The supply-demand imbalance forced prices up in the short term: Henry Hub spot prices rose sharply to $13.20/MMBtu on Jan. 12, in anticipation of the icy gales of Winter Storm Heather. But prices fell quickly, dropping to a monthly low of $2.15/MMBtu by Jan. 23.
Henry Hub spot prices averaged $3.18/MMBtu for the entire month of January.
“We forecast that mild weather for the remainder of [the first quarter] will keep the average Henry Hub spot price near $2.40/MMBtu during February and March,” EIA said. “But volatility could return if severely cold weather emerges, even for a short period.”
Increased demand, coupled with lower natural gas production, caused a massive withdrawal of gas inventories—storage capacity that has been glutted with too much gas for several months.
January’s withdrawal of nearly 920 Bcf from storage was the third-largest in U.S. history, according to EIA.
But because the U.S. began the month with 13% more gas in storage than average of the past five years, inventories are still brimming.
U.S. gas producers have faced an up-and-down roller coaster of flailing price-swings in recent years.
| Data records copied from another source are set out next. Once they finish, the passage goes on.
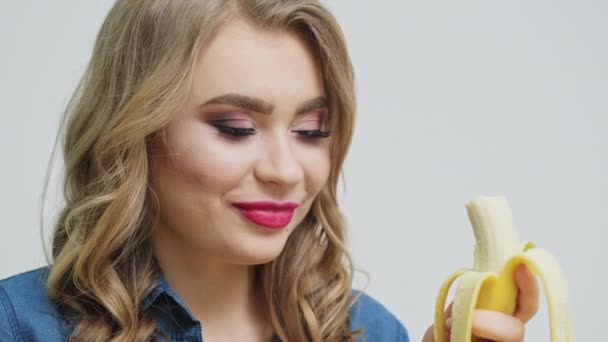 Comida saludable en casa, mujer en la cocina comiendo un plátano maduro — Vídeos de Stock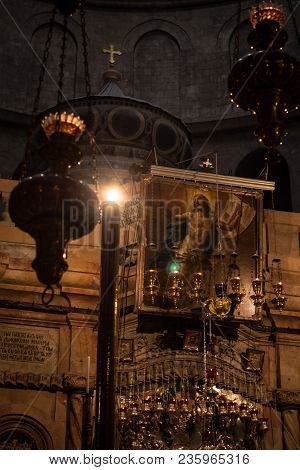 Jerusalem, Israel - March 17th, 2018: Pilgrims Pray In The Church Of The Holy Sepulcre, In The Old C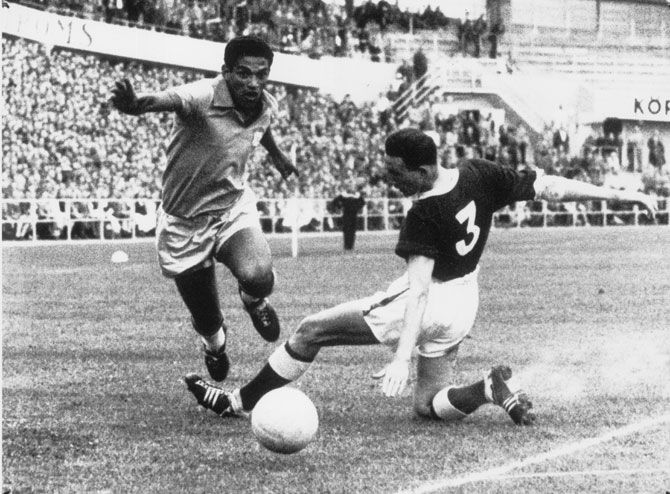 A file photo of Brazilian right winger Garrincha (left) and Welsh player Hopkins vieing for possession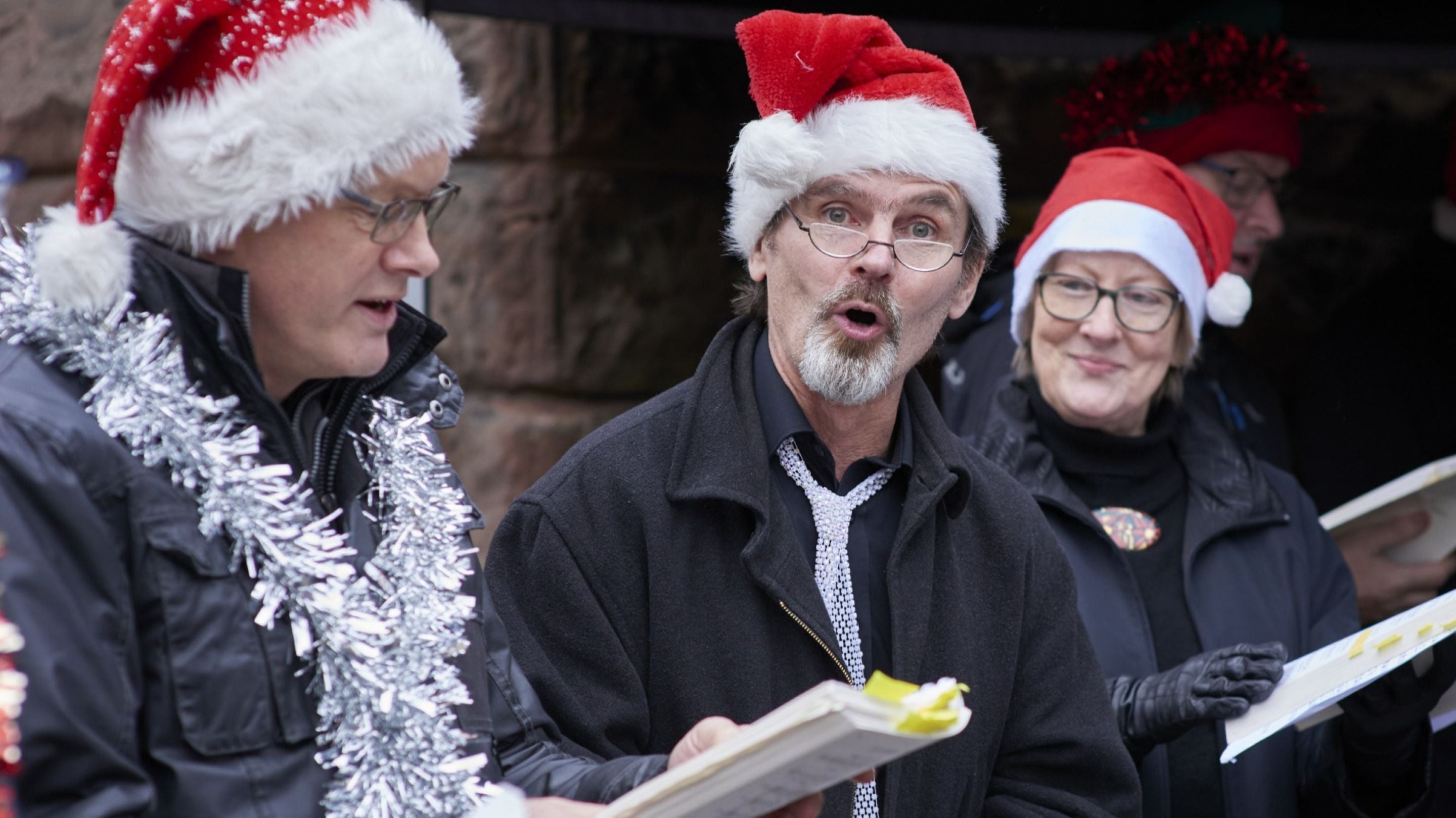 Carol singers in Santa hats holding sheet music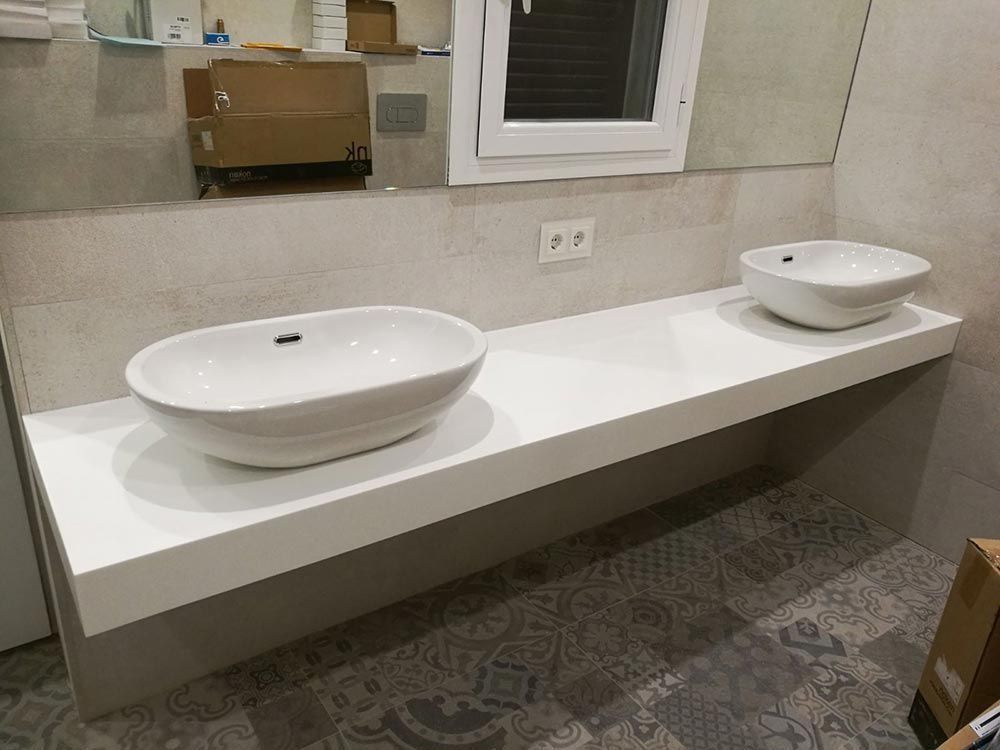 Tocador de baño moderno con dos lavabos blancos sobre encimera y una larga encimera blanca.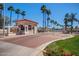A community entrance gate for Las Palmas featuring a guard house, gated entry and lush palm tree landscaping at 215 N Power Rd # 33, Mesa, AZ 85205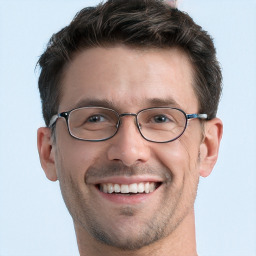 Joyful white adult male with short  brown hair and grey eyes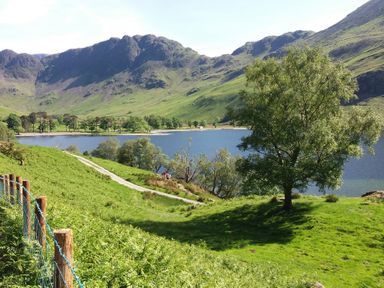 A lake surrounded by green hills trees and a walking path at Garden Cottage No 1 in Keswick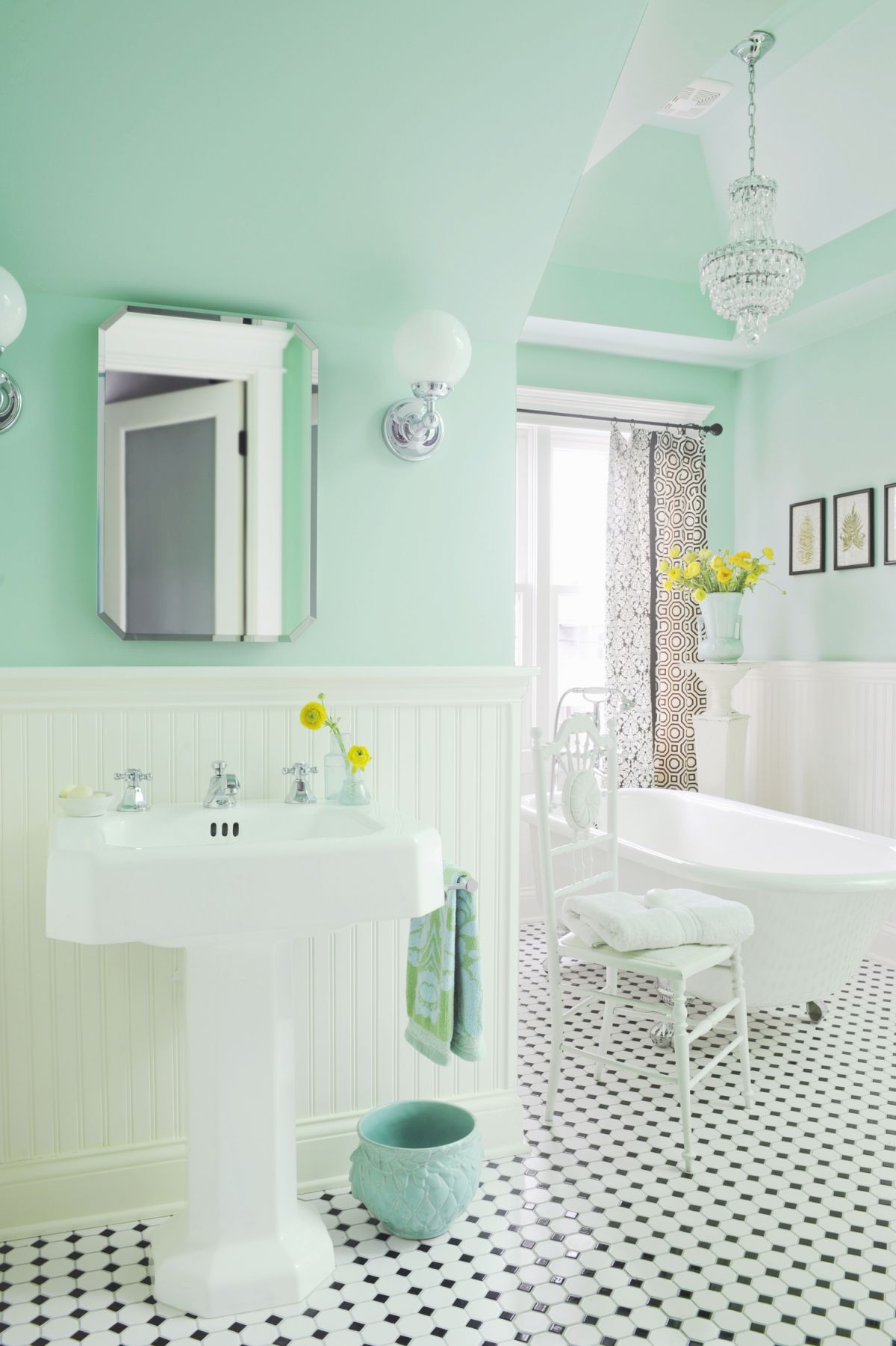 Mint green landry room with gray tiny tiles for backsplash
Henry Hub spot gas prices averaged $6.42/MMBtu in 2022 amid the confluence of supply-demand imbalances emerging from the COVID-19 downturn, Russia’s invasion of Ukraine and a myriad of other issues.
But prices fell over 60% to average $2.54/MMBtu in 2023 due to a production oversupply and rapidly filling storage capacity.
Most U.S. gas producers, by and large, expect to see higher prices later this year and into 2025 as a wave of new LNG export capacity comes online along the Gulf Coast.